Reportagem da TVI, ontem, à hora do almoço

 

«O Presidente da República voltou aqui, à baía de Cascais, por volta do meio-dia e meia. Ele veio de máscara, sozinho, à semelhança do que tinha feito ontem. Marcelo Rebelo de Sousa colocou-se no areal, deixou as suas coisas e dirigiu-se para a linha de água com a toalha e sempre com a máscara posta. O Presidente referiu que é importante que as pessoas estão a manter o distanciamento social na praia.
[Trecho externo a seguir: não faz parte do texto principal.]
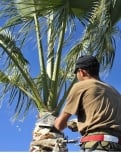 SWFL Tree Service Lutz
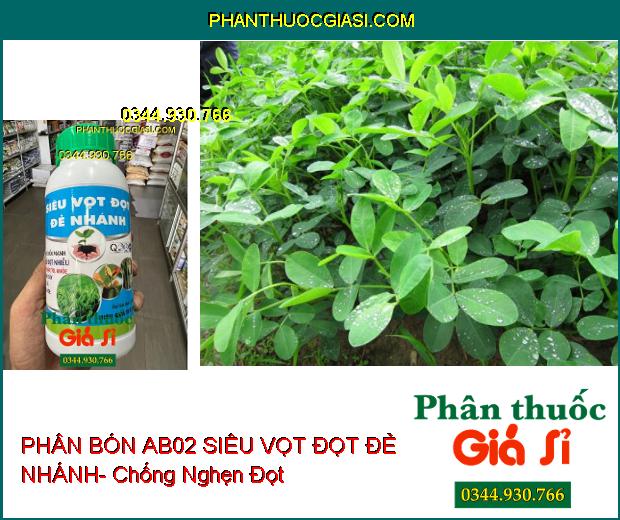 PHÂN BÓN AB02 SIÊU VỌT ĐỌT ĐẺ NHÁNH- Đâm Chồi Mạnh- Chống Nghẹn Đọt- Xanh Lá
Marcelo Rebelo de Sousa só tirou a máscara no momento imediatamente antes de entrar na água, depois aproveitou para nadar.»

Reportagem da TVI, ontem, à hora do almoço

 

«Pelo segundo dia consecutivo, o Presidente da República veio até aqui, à praia da Conceição, em Cascais, a praia onde habitualmente costuma dar aqueles mergulhos ao fim de semana, e este fim de semana de calor em Portugal não foi excepção. Para o Presidente da República, é preciso também retomar um pouco esta normalidade, agora com redobrados cuidados. E assim fez também Marcelo Rebelo de Sousa: depois de ter estado alguns minutos a dar as suas braçadas no mar, ele saiu e imediatamente, no momento em que saiu, pôs a máscara.»

Reportagem da SIC, ontem, à hora do almoço

 

«Suas Majestades e Altezas passam sem novidade em suas importantes saúdes.»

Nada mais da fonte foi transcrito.